26 June 2011
As I walked out to Walden yesterday morn, I barely missed stepping on a significantly large blood-worm crossing on the walkway. I think it was no less that four-six inches in length and actually seemed to me quite animated for a worm. It twisted its rear end into some curlicue, and pushed its front end advancing, sometimes moving forward but at times only reconfiguring. I suspect that it is called a blood worm because the enlarged girth below its front end seems engorged with blood—or at least its upper section approaches the color of blood. I watched for some time as the worm writhed and wriggled its way to wherever it might have been moving. I cannot attribute causation to the worm, alas, and so I will not say “where it was headed,” though it is humanly difficult to accept movement without purpose or direction. I marveled at the contortions the worm made in its progress. First, its rear twisted into a squiggle, and then its front end straightened out the question mark its rear had formed. I could discern no motive for its motions. I stood on the path and observed the worm, and then entered the cabin to move on to my own wrigglings and writhings. Maybe in here I would have purpose. But for a moment I turned back and watched through the glass and waited expectantly for a bird to alight and pick the worm up in its beak and carry it off to feed its younglings. But none arrived.

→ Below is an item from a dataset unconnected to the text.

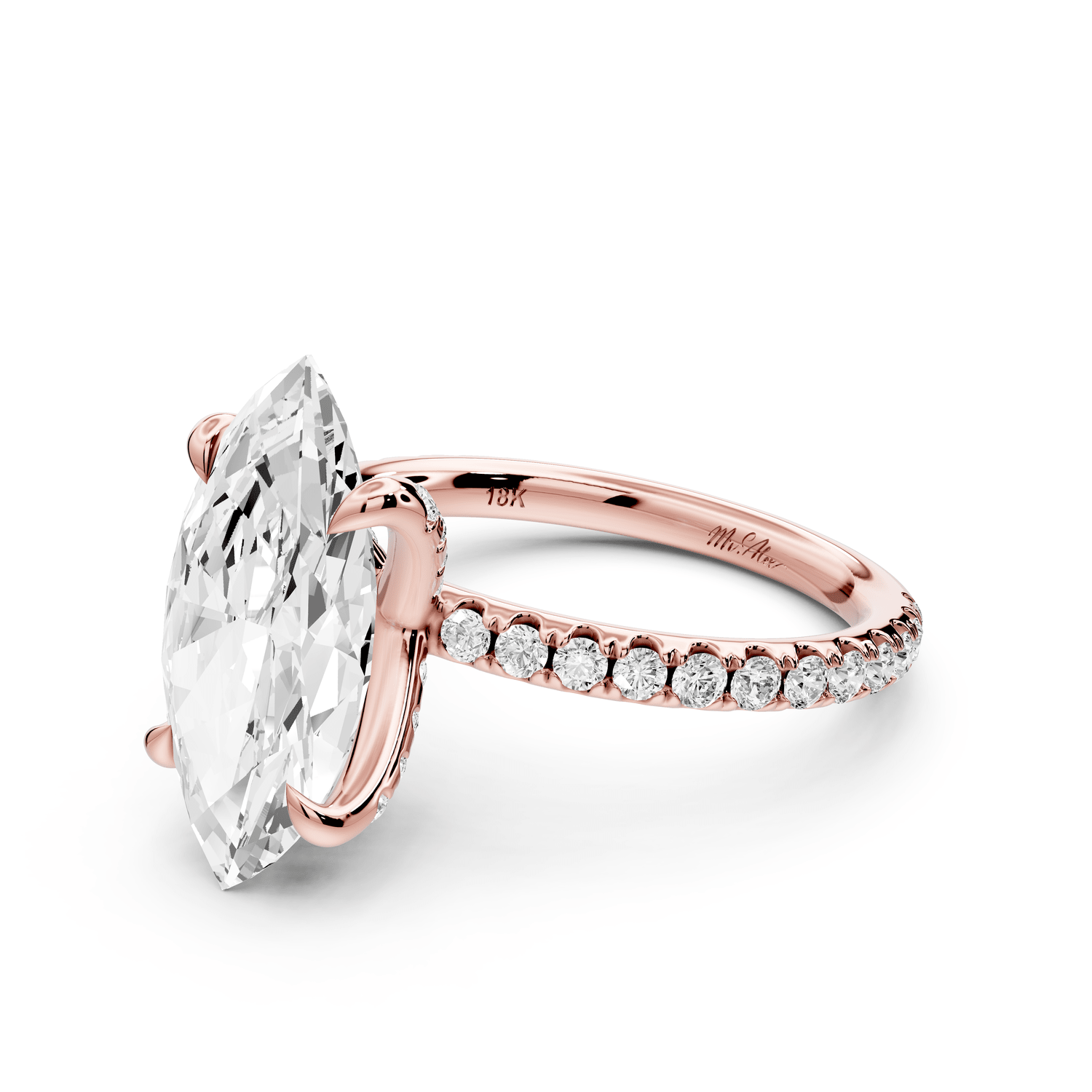 Elissa - 3ct 14k rose gold Marquise Classic Solitaire Engagement Ring with Shared-Prong Pavé Band - Mr. Alex Jewelry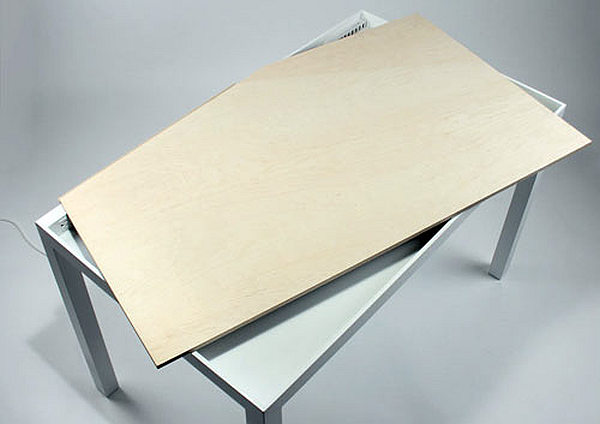 Tambour Table Desk - Hiding Clutter - Michael Bambino 3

Several hours later I remembered the worm and went again to the glass to check on its fate. I noted that its rear end (I think it was its rear, but what do I know?) had reached the end of the path and the entire front of the worm had fallen into the grass. I wondered if it were safer here and out of obvious sight, but of course, I knew that its predators knew exactly how to see its prey despite the camouflage.
I did not see the worm today. Perhaps it was discovered.
And yesterday as I sat out here in Walden, a movement on the computer screen disclosed behind me and outside the window a doe crossing the backyard. Not ten feet behind it was its fawn. prancing behind its parent like many a child following close but sovereign. The spotted fawn was small and delicate, and I was cheered to watch it following its mother. But then something startled the pair—it might have been my presence—and the doe ran west into the brush and the fawn scurried east into the woods. I wondered if the two would find each other again. I was saddened at the even and despaired that I was responsible for the separation. Today as I sat out here in Walden a doe passed my cabin window but was not followed by a fawn. I had no way to know if it was the same doe searching for its lost fawn.
Emerson notwithstanding, Nature is a mystery to me and offers no lessons. And the mystery today doesn’t comfort me.